January 1, 1970 (Vol. , No. )
Julia Retey, Ph.D. Genedata
Sebastien Ribrioux, Ph.D. Genedata
You’ve just received the freshly assembled genomic sequence of your favorite organism. Now what?
A deluge of genome sequences has attended the rise of next-generation sequencing (NGS) technologies. However, learning more about the genotype-phenotype relationship can be challenging. Here are some tips to identify and understand the function of genes in a novel genome.
- Run an RNAseq experiment. In organisms where no transcript splicing occurs, ab initio prediction methods (implemented, for example, in the Glimmer program) can identify most of the protein-coding sequences. For all other organisms (principally eukaryotes), these algorithms have their limitations. For example, the correct identification of exon-intron boundaries remains a considerable challenge. Noncoding RNAs are also ignored by these approaches. A more straightforward and comprehensive approach to identify protein-coding sequences is based on empirical evidence, namely short-read sequencing of mRNA (RNAseq), which has become affordable with NGS. Using a paired-end read technology, representative RNA samples can be sequenced at the same time as the genomic DNA.
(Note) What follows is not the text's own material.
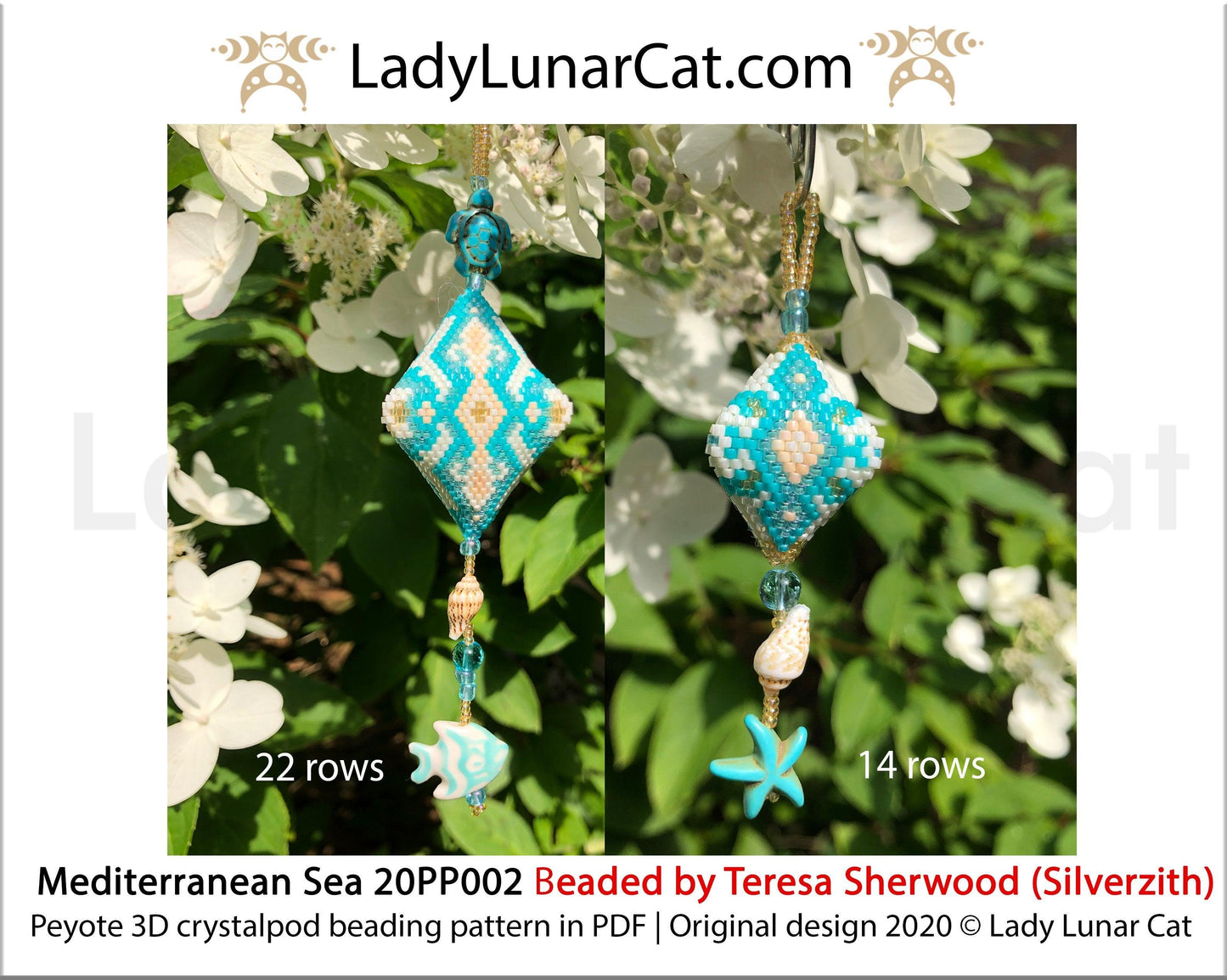 3d Peyote pod patterns for beading Mediterranean Sea 20PP002 LadyLunarCat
- Map the short-reads to the genome. A prerequisite to identifying full-length transcripts is mapping of the RNAseq reads to the assembled genome. A tool that can map reads to exon-intron boundaries (e.g. TopHat) is required to achieve the highest accuracy possible, and is indispensable for protein sequence identification (Step 4).
- Identify transcripts. Exons can be identified from the mapped reads and transcripts built from the exons. To get the most from the data, it is best to employ a tool that identifies different splice variants for each gene (e.g. CuffLinks).
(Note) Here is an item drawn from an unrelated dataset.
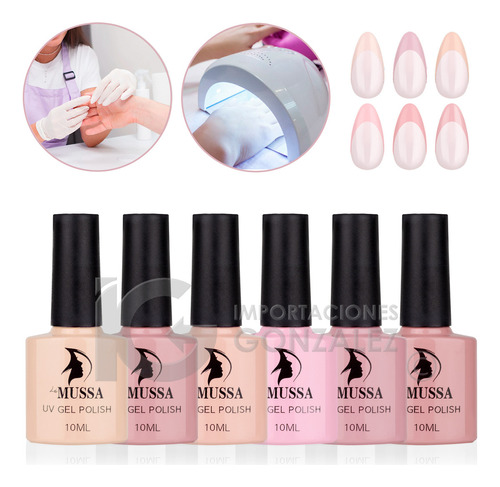 Gama De Gel Semipermanente Mussa® 6 Esmaltes Para Uñas Uv Color Gama Base Francesa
- Generate protein sequences. Proteins are the end-product of a coding gene, and a plethora of tools can predict function based on protein sequence (Step 5). Extract the longest open reading frame (ORF) from each transcript, using a tool such as the EMBOSS getORFs.
- Annotate proteins. A lot of information about a gene product can be inferred from sequence similarity. Functional domains can be identified using dedicated packages (e.g., Pfam), and/or function can be predicted through sequence homology with proteins in other organisms (e.g., by Blasting against UniProt).
- Store and analyze genome annotation. Having generated all the annotation for a genome, it’s important to secure effective data mining tools. This is particularly important when the number of sequenced genomes grows and the data also need to be stored for other types of analysis (e.g. phenotype-genotype analysis). (Step 5).